Here's the sample code:
import numpy as np
from hilbertcurve.hilbertcurve import HilbertCurve
import regex as re
p=int(input("order of curve: "))
n=2
hilbert_curve = HilbertCurve(p,n)
totalpoints = 2**(p*n)
distances = list(range(totalpoints))
#distances = list(range(int(input("list the number of points"))))
points = hilbert_curve.points_from_distances(distances)
#This stuff below prints out all of the individual points
#for point, dist in zip(points, distances):
# print (f'point(h={dist}) = {point}')
#this prints out the array of all points generated by the program. Useful for debug
#print(points)
The issue is, while using matplotlib it doesn't separate the individual points in 'points' resulting in multiple linear plots instead of a Hilbert curve.

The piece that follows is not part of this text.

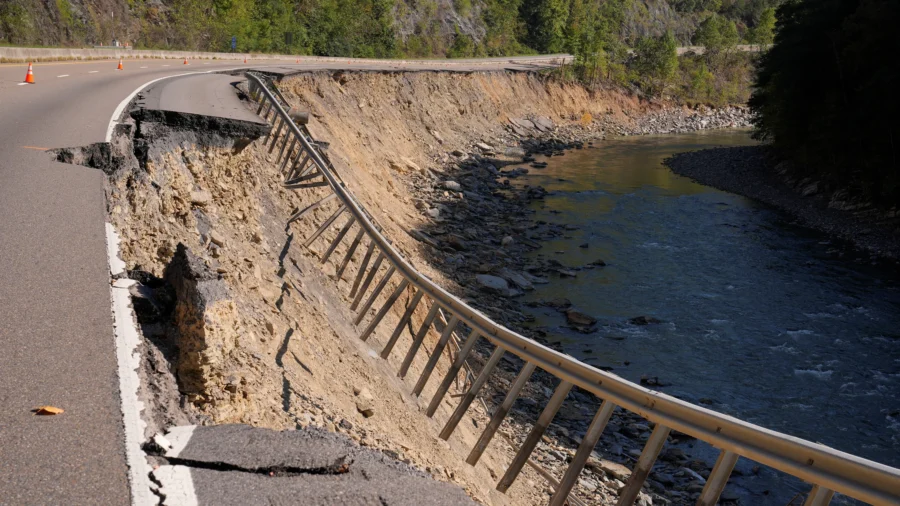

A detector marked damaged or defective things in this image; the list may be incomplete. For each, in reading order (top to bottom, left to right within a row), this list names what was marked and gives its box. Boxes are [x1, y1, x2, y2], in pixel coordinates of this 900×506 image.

flood-damaged road [0, 55, 564, 506]
damaged guardrail [246, 72, 900, 506]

I also need to be able to separate them so I can perform arithmetic on the individual points. This library infinitely expands the length of the curve rather than defining it within a single 1x1 square how the curve should be represented. This is something easily resolved by dividing the individual points.

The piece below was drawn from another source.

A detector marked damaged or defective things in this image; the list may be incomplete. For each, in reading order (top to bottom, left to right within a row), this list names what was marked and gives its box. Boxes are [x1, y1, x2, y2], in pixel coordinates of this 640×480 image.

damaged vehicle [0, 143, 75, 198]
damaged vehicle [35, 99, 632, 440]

The end result of the product is to be able to determine a starting point for the Hilbert curve instead of having it start at 0,0. The second implementation will be in a point finding script where the generated points of a Hilbert curve can be checked against specific points to see if the curve passes through it. So, for both implementations I need to be able to manipulate the individual points which I can't in the current list form.
I have attempted to use the np split() as well as the str.split()
methods. the str methods fails due to this being a list, not a string. np isn't working for an unknown reason.
this should do what you want but is very inefficient if you have millions of points (6 digits):
import matplotlib.pyplot as plt
points = [[i,i**2] for i in range(10)]
xs=[]
ys=[]
for x,y in points:
xs.append(x)
ys.append(y)
plt.figure()
plt.plot(xs,ys)
plt.show()
in this case, I suspect many of your points will be closer than 1px to each other, so instead you can add your points to a kd-tree (if your points are in 2 dimensions, which they seem to be, K will be 2) and query the points that are in your view port (assuming you have zoomed in to see the actual curve, instead of just a solid block of points, since that's what the Hilbert curve is doing(it is a space-filling curve)).
Imagine the same scenario for a fractal pattern (which a Hilbert curve is really) that has infinitely many points due to its recursive nature. You won't be drawing points that are nanometers apart when the pixels on your display are in the order of micrometers since they won't be visiblle.